The global aerospace parts manufacturing market is set to grow by $190.69 billion from 2024 to 2028, according to a new report from Technavio. The market research firm attributes this growth to an increased demand for new commercial and defense aircraft. The market is expected to grow at a compound annual growth rate (CAGR) of 4.19% during the forecast period.

The report highlights that the aerospace parts manufacturing market is experiencing growth due to the renewal of commercial and defense fleets. This renewal is being driven by factors such as population growth, urbanization, and rising disposable income. Additionally, the report notes that the increased efficiency of advanced aircraft models is leading to greater demand for these new planes, particularly in the commercial sector. This demand is further boosting the market for maintenance, repair, and overhaul (MRO) services, engines, insulation components, and other aircraft parts.

In response to this market growth, aerospace parts manufacturers are focusing on producing carbon-efficient components, addressing aging fleets, and meeting the needs of defense modernization programs. These efforts are particularly concentrated on the production of MRO services, engines, insulation components, and aircraft parts for commercial, business, general aviation, and military aircraft.

The aerospace parts manufacturing market is also being driven by the increased demand for new aircraft across commercial, business, and military segments. The report notes that aging fleets in the commercial aircraft sector are necessitating MRO activities, which in turn is driving demand for components like engines and insulation materials. As airport facilities expand and the frequency of flights increases to meet growing passenger travel, the demand for these components is expected to rise. Similarly, the report highlights that aging aircraft in the aerospace and defense industry are also driving the need for fleet replacement and the production of new aircraft and corresponding components.

The carbon-intensive nature of aerospace manufacturing is also contributing to the demand for new components. The report notes that manufacturers are exploring the use of raw materials that minimize environmental impact as they produce components for commercial, business, and military aircraft. This focus on sustainability is expected to continue as manufacturers address the carbon footprint of the industry.
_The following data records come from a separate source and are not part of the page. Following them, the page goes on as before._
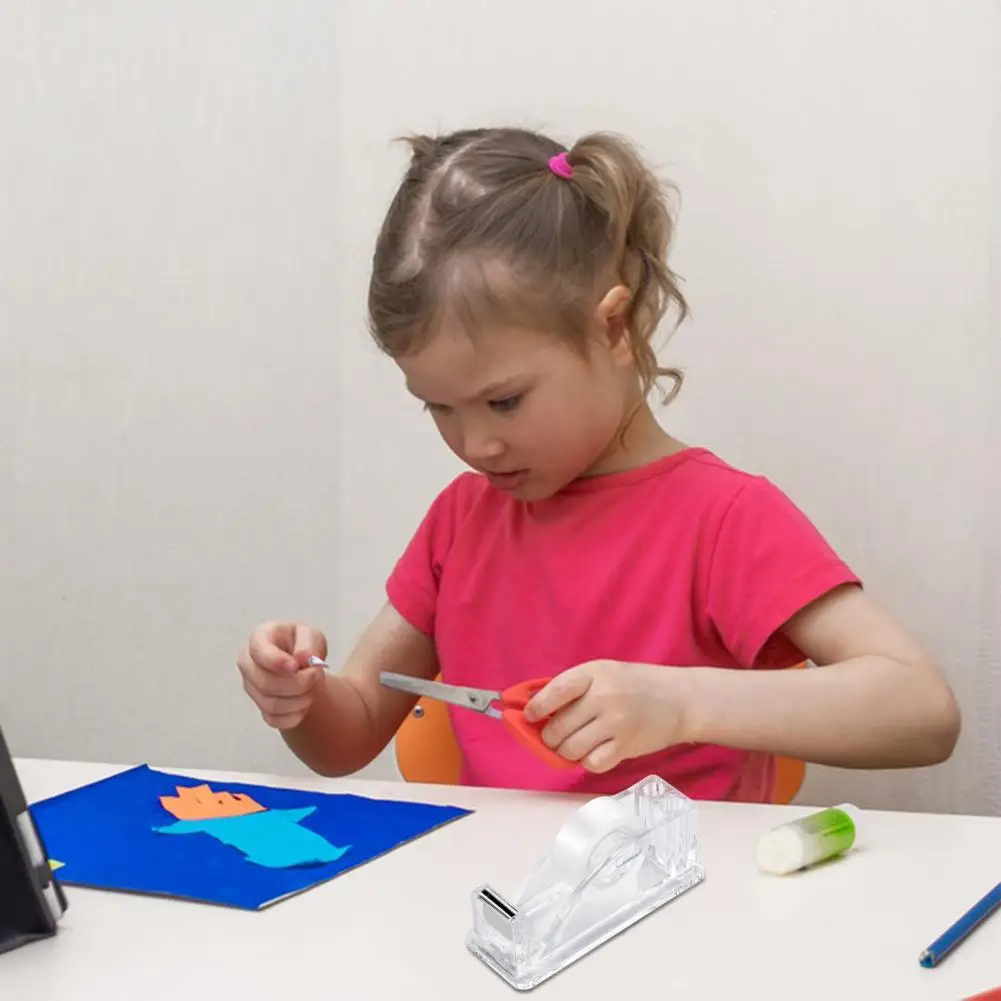 Прочный диспенсер для ленты, компактный прозрачный Акриловый Диспенсер для ленты с держателем для ручек, идеально подходит для организации рабочего стола в офисе и школе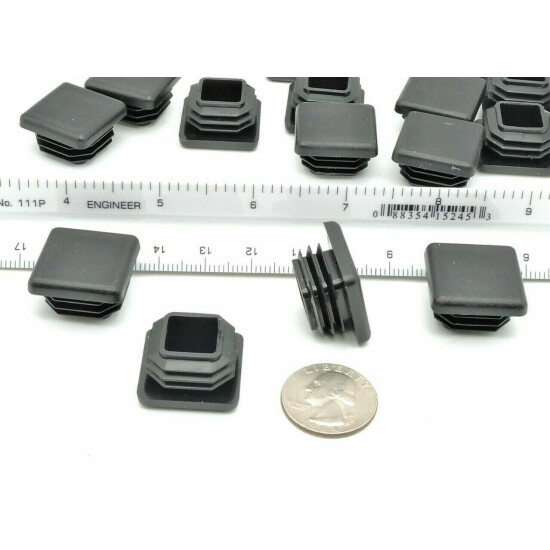  1" Black Square Tubing Plugs Glides Square Tubing Cap 20 Plugs per Package image {4}
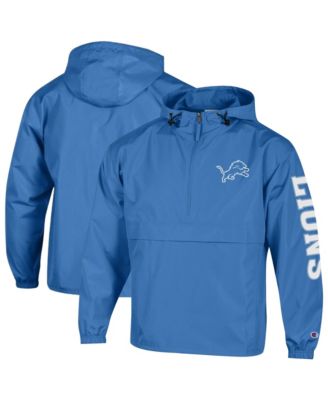 Men's Blue Detroit Lions Packable Hooded Windbreaker Half-Zip Sweatshirt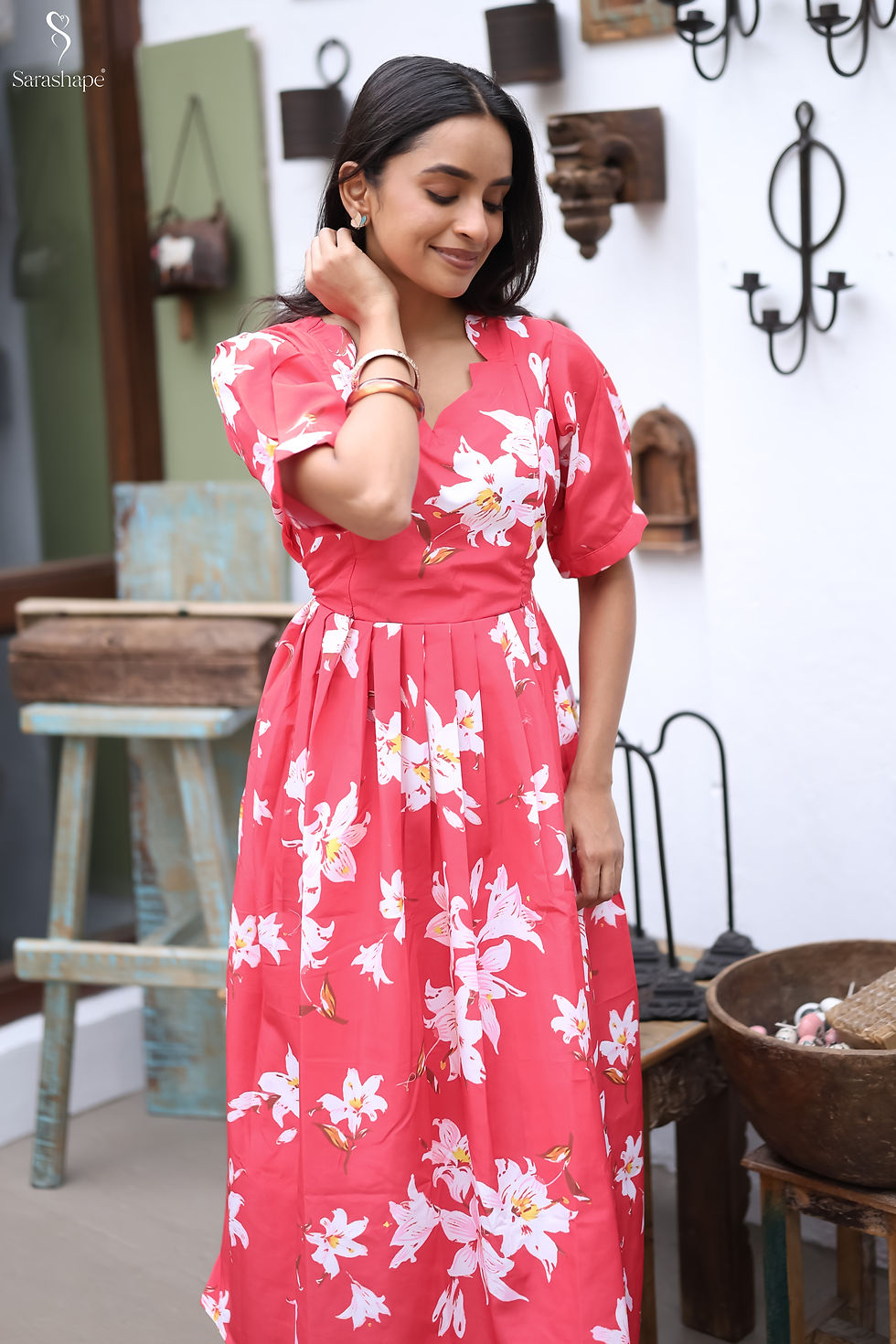 Thumbnail: Keerthiga F Soft  Cotton Dress feeding(with zip)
Geographically, North America is expected to be a key contributor to the growth of the aerospace parts manufacturing market, accounting for 52% of market share. The region’s market growth will be driven by the demand for helicopter parts, aging fleets, and MRO activities in the aerospace and defense sector. Additionally, North America will see increased production of accessories for new-age aircraft to meet passenger needs, as well as ongoing maintenance and upgrades for airport facilities.

In addition to North America, the report also highlights key market contributors in other regions, including Europe, the Asia-Pacific, the Middle East and Africa, and South America. Key companies identified in the report’s market scope include AEFP Group, Aequs Pvt. Ltd., Camar Aircraft Parts Co., CTRM Sdn. Bhd., DAHER, Diehl Stiftung and Co. KG, Ducommun Inc., Eaton Corp. Plc, General Electric Co., Groupe Industriel Marcel Dassault, Honeywell International Inc., IHI Corp., JAMCO Corp., Kawasaki Heavy Industries Ltd., Liebherr International Deutschland GmbH, Mitsubishi Heavy Industries Ltd., Rolls Royce Holdings Plc, Safran SA, Thales Group, Transdigm Group Inc., and W. L. Gore and Associates Inc.